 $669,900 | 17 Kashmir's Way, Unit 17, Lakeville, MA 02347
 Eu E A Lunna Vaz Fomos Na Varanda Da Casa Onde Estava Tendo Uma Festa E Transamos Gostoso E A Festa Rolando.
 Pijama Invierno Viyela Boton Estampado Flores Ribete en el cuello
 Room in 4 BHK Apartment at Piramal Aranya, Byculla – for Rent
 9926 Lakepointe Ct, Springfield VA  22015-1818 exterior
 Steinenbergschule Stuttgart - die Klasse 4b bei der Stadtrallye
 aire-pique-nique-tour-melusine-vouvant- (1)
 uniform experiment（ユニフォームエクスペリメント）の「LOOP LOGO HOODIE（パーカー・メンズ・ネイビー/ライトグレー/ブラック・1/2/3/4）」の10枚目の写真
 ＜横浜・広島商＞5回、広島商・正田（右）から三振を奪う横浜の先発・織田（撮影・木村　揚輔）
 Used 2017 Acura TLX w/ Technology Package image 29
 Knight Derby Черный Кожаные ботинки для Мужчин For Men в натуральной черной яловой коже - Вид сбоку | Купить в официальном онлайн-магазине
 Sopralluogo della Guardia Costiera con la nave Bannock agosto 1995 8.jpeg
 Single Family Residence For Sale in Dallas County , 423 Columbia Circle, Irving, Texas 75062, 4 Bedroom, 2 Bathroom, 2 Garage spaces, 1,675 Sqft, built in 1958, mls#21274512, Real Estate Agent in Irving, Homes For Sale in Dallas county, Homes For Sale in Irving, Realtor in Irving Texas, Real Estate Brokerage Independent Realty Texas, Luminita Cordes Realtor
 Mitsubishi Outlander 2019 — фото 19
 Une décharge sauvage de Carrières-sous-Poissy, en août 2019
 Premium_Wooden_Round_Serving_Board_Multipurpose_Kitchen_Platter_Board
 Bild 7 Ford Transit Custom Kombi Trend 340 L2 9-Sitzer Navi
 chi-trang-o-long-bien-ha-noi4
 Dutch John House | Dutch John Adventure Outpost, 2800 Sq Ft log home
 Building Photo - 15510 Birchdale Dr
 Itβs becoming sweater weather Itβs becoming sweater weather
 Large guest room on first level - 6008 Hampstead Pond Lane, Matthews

━━━━

→ TO DO:
Repeat exactly the lines above from the line that contains "chi-trang-o-long-bien-ha-noi4" through the end. Include both of these ends; leave out everything else.

→ ANSWER TO THE EXERCISE:
 chi-trang-o-long-bien-ha-noi4
 Dutch John House | Dutch John Adventure Outpost, 2800 Sq Ft log home
 Building Photo - 15510 Birchdale Dr
 Itβs becoming sweater weather Itβs becoming sweater weather
 Large guest room on first level - 6008 Hampstead Pond Lane, Matthews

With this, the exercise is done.